Records from a data source
——————

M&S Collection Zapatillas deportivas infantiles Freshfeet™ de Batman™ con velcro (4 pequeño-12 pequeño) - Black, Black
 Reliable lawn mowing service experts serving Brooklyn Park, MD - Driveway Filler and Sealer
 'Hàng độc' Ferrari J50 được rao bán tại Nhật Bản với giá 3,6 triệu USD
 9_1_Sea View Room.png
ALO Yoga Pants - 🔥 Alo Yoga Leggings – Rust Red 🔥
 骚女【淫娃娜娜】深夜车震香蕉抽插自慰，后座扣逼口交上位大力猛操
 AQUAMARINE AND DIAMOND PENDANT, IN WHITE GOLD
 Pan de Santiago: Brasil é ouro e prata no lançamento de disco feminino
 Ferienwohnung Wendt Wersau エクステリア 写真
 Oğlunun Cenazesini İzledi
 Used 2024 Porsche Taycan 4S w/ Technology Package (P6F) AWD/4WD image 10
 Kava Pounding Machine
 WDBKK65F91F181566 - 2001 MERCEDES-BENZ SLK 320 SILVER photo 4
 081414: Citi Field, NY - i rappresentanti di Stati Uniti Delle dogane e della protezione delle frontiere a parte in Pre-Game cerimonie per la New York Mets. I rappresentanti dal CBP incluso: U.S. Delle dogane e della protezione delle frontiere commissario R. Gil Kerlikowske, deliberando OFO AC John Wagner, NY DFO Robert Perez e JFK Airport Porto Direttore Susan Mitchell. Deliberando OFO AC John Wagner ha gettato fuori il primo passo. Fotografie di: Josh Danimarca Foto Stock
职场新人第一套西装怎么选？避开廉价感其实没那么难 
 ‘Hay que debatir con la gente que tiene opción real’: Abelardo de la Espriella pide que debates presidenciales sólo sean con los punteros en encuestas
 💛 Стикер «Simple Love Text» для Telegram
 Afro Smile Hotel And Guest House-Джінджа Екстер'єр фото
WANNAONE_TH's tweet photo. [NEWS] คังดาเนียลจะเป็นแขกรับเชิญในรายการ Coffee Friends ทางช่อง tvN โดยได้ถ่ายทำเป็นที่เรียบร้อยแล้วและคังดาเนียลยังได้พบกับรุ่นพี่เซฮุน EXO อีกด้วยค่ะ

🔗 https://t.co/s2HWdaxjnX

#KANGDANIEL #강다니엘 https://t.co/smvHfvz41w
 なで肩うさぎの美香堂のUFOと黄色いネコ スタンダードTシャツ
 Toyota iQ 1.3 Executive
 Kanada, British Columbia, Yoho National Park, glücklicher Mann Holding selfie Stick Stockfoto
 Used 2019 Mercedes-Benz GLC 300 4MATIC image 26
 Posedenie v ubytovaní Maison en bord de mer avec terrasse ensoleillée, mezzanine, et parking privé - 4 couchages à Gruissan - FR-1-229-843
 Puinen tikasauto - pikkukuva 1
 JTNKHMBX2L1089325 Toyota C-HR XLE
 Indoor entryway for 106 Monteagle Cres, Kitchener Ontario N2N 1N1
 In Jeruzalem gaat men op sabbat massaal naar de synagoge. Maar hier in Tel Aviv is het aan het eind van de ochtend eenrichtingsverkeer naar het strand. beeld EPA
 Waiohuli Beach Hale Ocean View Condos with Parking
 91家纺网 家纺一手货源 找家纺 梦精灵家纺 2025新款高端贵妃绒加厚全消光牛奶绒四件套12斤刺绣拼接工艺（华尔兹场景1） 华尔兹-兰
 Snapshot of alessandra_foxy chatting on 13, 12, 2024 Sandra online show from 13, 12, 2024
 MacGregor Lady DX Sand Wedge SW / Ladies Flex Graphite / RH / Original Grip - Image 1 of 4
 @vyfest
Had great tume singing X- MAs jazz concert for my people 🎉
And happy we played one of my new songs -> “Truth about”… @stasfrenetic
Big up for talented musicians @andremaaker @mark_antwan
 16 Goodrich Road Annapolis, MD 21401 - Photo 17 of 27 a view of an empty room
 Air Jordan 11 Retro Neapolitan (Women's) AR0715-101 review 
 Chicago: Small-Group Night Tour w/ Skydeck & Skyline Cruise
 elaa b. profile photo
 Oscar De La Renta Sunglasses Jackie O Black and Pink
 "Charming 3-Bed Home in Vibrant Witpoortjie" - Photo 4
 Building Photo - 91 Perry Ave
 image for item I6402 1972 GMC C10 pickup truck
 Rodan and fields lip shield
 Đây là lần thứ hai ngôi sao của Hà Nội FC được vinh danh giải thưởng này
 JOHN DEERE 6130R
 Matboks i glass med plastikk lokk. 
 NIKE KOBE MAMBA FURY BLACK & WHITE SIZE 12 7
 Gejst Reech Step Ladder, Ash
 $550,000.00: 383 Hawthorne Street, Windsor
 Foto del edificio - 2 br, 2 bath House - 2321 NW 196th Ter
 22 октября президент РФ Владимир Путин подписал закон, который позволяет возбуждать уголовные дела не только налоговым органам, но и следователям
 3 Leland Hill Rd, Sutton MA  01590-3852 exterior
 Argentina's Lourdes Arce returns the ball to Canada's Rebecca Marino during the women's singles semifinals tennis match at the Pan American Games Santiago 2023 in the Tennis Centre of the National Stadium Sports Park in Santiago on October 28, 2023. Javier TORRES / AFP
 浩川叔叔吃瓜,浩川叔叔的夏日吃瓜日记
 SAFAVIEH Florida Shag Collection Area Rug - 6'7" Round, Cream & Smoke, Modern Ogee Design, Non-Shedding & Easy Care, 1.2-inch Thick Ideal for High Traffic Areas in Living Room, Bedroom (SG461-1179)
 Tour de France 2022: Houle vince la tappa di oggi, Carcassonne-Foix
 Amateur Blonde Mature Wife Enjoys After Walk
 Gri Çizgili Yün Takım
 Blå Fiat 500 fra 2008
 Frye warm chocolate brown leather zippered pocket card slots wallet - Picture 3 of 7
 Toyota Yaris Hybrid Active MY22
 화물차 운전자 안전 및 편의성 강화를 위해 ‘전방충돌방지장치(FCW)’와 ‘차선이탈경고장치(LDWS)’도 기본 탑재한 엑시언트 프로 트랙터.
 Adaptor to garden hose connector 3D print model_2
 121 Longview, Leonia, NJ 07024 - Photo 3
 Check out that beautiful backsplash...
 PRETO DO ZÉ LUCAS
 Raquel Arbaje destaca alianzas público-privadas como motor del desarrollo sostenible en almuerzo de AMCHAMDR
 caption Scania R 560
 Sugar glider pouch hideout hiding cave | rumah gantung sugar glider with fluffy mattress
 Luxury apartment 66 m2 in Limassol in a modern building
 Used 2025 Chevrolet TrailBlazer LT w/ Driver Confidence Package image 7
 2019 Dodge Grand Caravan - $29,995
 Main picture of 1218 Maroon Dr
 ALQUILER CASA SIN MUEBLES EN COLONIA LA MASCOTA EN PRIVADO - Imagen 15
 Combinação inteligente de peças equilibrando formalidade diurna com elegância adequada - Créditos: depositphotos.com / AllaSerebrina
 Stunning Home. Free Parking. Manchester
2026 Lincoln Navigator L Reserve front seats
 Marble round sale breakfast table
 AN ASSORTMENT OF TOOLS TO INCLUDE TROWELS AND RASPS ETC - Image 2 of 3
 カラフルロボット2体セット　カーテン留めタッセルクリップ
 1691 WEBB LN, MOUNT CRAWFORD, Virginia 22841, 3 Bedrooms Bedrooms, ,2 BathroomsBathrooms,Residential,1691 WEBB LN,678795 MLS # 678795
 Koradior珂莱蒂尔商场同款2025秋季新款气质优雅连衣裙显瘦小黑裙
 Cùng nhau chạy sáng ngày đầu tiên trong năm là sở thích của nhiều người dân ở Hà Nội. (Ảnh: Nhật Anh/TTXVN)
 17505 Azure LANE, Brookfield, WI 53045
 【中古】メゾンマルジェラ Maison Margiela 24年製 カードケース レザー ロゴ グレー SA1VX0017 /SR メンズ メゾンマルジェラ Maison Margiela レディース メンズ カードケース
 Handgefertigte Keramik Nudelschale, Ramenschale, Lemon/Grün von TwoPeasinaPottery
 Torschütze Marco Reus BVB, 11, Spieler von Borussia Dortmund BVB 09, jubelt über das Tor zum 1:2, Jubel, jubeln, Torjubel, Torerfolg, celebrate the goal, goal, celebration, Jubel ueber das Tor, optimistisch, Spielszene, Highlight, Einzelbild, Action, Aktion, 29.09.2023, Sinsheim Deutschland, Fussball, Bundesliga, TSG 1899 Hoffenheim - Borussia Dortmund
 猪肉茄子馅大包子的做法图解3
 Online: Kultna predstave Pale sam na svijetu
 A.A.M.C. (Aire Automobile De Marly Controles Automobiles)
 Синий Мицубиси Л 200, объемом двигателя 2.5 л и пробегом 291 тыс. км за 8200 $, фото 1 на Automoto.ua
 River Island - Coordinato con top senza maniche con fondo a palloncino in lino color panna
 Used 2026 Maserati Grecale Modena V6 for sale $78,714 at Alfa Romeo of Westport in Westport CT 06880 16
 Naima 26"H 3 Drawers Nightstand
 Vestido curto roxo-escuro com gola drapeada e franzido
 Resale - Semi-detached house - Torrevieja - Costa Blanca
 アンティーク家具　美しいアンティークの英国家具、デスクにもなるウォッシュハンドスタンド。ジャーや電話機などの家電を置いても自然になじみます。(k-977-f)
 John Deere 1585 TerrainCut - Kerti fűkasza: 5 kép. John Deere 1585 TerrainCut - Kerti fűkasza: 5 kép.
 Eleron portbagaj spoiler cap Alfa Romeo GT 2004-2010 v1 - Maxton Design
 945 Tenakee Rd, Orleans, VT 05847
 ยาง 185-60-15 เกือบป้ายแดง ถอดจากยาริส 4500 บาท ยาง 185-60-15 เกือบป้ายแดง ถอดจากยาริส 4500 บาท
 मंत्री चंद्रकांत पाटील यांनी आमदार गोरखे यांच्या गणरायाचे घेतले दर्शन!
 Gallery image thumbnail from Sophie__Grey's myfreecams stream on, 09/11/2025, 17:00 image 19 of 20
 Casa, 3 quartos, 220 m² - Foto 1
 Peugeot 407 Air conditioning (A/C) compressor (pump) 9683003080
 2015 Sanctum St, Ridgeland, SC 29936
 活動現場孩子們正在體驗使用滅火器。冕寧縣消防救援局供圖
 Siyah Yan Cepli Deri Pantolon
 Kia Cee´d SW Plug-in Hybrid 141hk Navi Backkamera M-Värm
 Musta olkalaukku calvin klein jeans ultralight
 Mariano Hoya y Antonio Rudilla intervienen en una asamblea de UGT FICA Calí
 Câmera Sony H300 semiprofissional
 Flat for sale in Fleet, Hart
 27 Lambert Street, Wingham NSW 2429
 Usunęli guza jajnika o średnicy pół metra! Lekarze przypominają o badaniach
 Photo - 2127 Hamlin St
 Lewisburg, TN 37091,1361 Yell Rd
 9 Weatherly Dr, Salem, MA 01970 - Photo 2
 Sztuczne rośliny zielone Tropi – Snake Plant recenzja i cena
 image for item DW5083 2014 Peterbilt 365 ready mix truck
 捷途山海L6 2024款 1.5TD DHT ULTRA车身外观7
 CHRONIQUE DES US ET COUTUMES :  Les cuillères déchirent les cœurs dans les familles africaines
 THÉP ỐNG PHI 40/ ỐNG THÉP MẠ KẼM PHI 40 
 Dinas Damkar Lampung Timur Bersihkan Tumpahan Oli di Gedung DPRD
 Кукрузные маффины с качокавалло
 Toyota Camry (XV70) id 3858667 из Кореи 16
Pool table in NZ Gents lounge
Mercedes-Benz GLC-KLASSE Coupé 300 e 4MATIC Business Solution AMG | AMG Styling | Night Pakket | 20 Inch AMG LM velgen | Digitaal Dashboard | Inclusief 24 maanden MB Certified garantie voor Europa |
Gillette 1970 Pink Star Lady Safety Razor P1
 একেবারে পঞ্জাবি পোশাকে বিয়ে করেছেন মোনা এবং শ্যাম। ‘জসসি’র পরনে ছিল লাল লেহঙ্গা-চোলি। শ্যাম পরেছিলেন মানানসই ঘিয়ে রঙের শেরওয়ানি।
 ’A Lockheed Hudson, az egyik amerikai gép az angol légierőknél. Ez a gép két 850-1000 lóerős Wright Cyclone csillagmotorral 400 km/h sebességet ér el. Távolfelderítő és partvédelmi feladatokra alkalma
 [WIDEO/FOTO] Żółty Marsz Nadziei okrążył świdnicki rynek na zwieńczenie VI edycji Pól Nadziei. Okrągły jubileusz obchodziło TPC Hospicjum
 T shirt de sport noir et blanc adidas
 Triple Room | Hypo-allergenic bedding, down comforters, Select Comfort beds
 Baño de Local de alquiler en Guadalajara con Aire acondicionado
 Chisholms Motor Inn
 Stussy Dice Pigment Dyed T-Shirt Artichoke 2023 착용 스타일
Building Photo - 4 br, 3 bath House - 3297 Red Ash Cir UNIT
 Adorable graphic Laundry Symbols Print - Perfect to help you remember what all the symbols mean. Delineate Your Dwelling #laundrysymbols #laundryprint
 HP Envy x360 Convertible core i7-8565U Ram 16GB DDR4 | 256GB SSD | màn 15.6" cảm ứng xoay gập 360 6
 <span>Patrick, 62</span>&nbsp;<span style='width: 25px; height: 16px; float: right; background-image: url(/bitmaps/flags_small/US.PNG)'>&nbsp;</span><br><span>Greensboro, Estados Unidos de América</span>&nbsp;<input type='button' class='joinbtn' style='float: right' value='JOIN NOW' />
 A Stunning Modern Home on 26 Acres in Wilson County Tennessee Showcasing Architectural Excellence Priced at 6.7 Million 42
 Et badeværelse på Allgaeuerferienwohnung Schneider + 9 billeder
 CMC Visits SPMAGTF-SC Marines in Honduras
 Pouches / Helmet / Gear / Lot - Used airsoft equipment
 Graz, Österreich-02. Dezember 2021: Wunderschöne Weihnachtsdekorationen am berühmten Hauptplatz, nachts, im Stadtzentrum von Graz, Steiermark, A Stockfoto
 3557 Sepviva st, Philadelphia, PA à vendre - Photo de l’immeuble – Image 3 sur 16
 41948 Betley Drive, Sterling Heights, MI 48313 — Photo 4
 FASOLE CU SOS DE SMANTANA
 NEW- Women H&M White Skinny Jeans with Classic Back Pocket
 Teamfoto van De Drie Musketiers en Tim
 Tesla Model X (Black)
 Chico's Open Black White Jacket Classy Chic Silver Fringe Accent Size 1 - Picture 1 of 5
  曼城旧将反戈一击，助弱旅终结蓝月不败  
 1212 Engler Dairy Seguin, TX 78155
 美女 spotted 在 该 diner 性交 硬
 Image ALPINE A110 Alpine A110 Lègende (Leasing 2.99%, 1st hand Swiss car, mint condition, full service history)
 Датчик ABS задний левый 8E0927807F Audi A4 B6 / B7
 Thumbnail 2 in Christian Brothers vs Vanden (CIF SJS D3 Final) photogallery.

——————

**Prompt:** The expected answer is an exact copy of the lines above, beginning at the line with "22 октября президент" and ending at the line with "Marble round sale breakfast table", with both ends in.

**Output:**
 22 октября президент РФ Владимир Путин подписал закон, который позволяет возбуждать уголовные дела не только налоговым органам, но и следователям
 3 Leland Hill Rd, Sutton MA  01590-3852 exterior
 Argentina's Lourdes Arce returns the ball to Canada's Rebecca Marino during the women's singles semifinals tennis match at the Pan American Games Santiago 2023 in the Tennis Centre of the National Stadium Sports Park in Santiago on October 28, 2023. Javier TORRES / AFP
 浩川叔叔吃瓜,浩川叔叔的夏日吃瓜日记
 SAFAVIEH Florida Shag Collection Area Rug - 6'7" Round, Cream & Smoke, Modern Ogee Design, Non-Shedding & Easy Care, 1.2-inch Thick Ideal for High Traffic Areas in Living Room, Bedroom (SG461-1179)
 Tour de France 2022: Houle vince la tappa di oggi, Carcassonne-Foix
 Amateur Blonde Mature Wife Enjoys After Walk
 Gri Çizgili Yün Takım
 Blå Fiat 500 fra 2008
 Frye warm chocolate brown leather zippered pocket card slots wallet - Picture 3 of 7
 Toyota Yaris Hybrid Active MY22
 화물차 운전자 안전 및 편의성 강화를 위해 ‘전방충돌방지장치(FCW)’와 ‘차선이탈경고장치(LDWS)’도 기본 탑재한 엑시언트 프로 트랙터.
 Adaptor to garden hose connector 3D print model_2
 121 Longview, Leonia, NJ 07024 - Photo 3
 Check out that beautiful backsplash...
 PRETO DO ZÉ LUCAS
 Raquel Arbaje destaca alianzas público-privadas como motor del desarrollo sostenible en almuerzo de AMCHAMDR
 caption Scania R 560
 Sugar glider pouch hideout hiding cave | rumah gantung sugar glider with fluffy mattress
 Luxury apartment 66 m2 in Limassol in a modern building
 Used 2025 Chevrolet TrailBlazer LT w/ Driver Confidence Package image 7
 2019 Dodge Grand Caravan - $29,995
 Main picture of 1218 Maroon Dr
 ALQUILER CASA SIN MUEBLES EN COLONIA LA MASCOTA EN PRIVADO - Imagen 15
 Combinação inteligente de peças equilibrando formalidade diurna com elegância adequada - Créditos: depositphotos.com / AllaSerebrina
 Stunning Home. Free Parking. Manchester
2026 Lincoln Navigator L Reserve front seats
 Marble round sale breakfast table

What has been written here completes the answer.